The pasturage has appealed wonderfully to Liverpool’s visitors this season. Neither Bristol nor Middlesbrough had previously got so much as a nibble on the old turf; nor had Manchester United. Yet all three, during April, have done capitally there.
We usually look upon this month as the time of refreshing showers. Out Anfield way it has been a period of unmistakable drought. Four home matches have been decided. Result, three defeats, and one victory – over Derby County.
Liverpool have not experienced such a disastrous home season since the club’s formation – not even in their lowliest First League years, when relegation do Division II was the sequel. It gave one a shock on Monday to note that the Reds had lost one more home match than any other of their First Division rivals, but I never anticipated the number would be still further increased on Wednesday evening!
It seems incredible that the club which a year ago would up gallant League champions should, with practically the same team, so quickly go to pieces. And it seems equally incredible that the men who could run up such a big score against Preston, Manchester City, the Villa, and Notts a few months ago should have gone so awry subsequently.
Of the 18 matches decided at Anfield, eight have been lost, and three of these within the last three weeks to clubs with nothing desperate to strive for.
Mr. Tom Watson’s Prophetic Mantle, Wages and Profit Sharing.
This morning Liverpool had 32 points with two games in hand. Thus it is only by a mere hairsbreadth that they have cleared the danger zone, and once more the fact is forced home upon one that Mr. Tom Watson is a true prophet. “Liverpool,” he said, some time ago, “always seems to be either at the top or the bottom.”
The Liverpool Secretary had expressed a hope that at least a middle position might be granted them. But no; the players seems jealous in their guardianship of his prophetic mantle. I have heard the opinion expressed that we should not see such mediocre, vacillating work as Liverpool have shown us of late, had there been no maximum wage rule keeping all men on a deadly level, or had there been an inspiriting bonus at the end of a match well won.
But this is really a poor excuse for the quality of football which Liverpool, as a team, have served up of late. Candidly I don’t like the maximum wage rule, nor do I like the bonus system. The word “bonus” as applied to football sounds hideous. Call it something else – profit-sharing if you like!
Personally I should like to see the introduction of some such scheme as that adopted by the Yorkshire County Cricket Committee – a system of merit marks both for individual and collective performances, there to be aggregated at the end of the season, and the men then to receive the cash awards accruing from same. Still, one cannot understand £4-per-week men failing to give their very best or approximating thereto in an ordinary everyday League match.
The worst feature of Liverpool’s recent deterioration is that the club suffers, and not the players. It has choked off public patronage, and the funds in consequence have been starved just when they required feeding, in view of the heavy expenses incurred in the ground improvement scheme.

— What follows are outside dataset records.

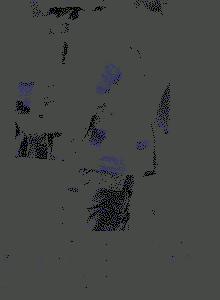 家穷人丑，诚心征婚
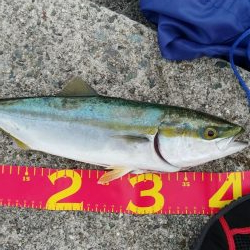 ハマチ　太刀魚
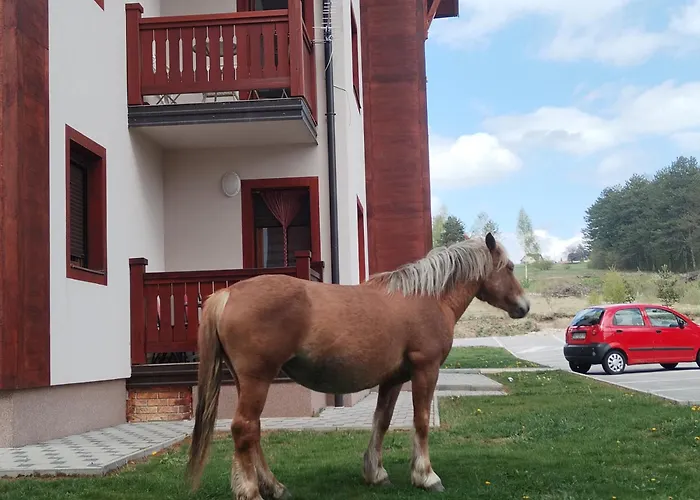 Sm Relax & 3 * 즐라티보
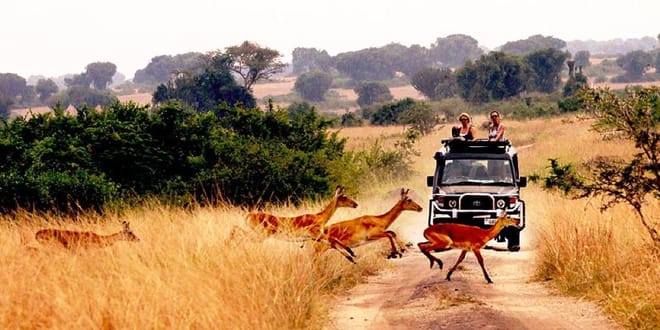 African safaris
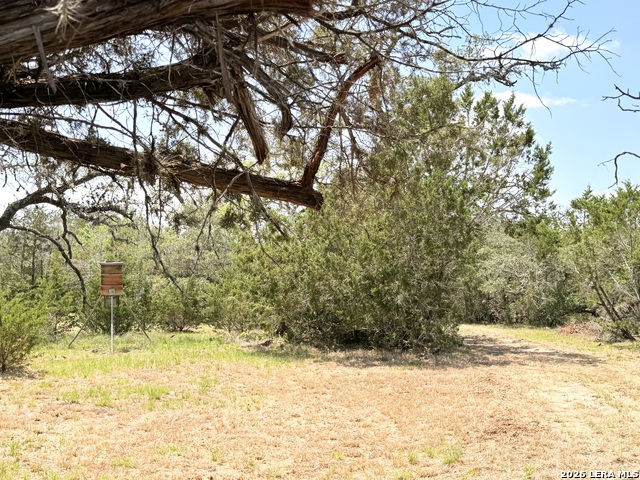 Image 21 of 25 For 174 Waterman Ln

Spion Kop in all its bareness has stood up in silent protest to the players in recent games. It has been like a big uninhabited hill. Just as the necessary increased accommodation has reared its head, it seems cruel that the players should suddenly go and bury their powers. A rousing victory over Sheffield United next Saturday, and a still more cheering win against their Everton neighbours in the local Cup Final two days later would go a long way towards restoring the confidence and admiration of Liverpool’s supporters.
I don’t intend so say much about the 4-2 defeats sustained against Bristol and Middlesbrough. On the face of things the Reds’ defence has been more to blame than their attack of late. Sam Raybould had also a poor day, and Robert Blanthorne disappointed those who hoped he would shine.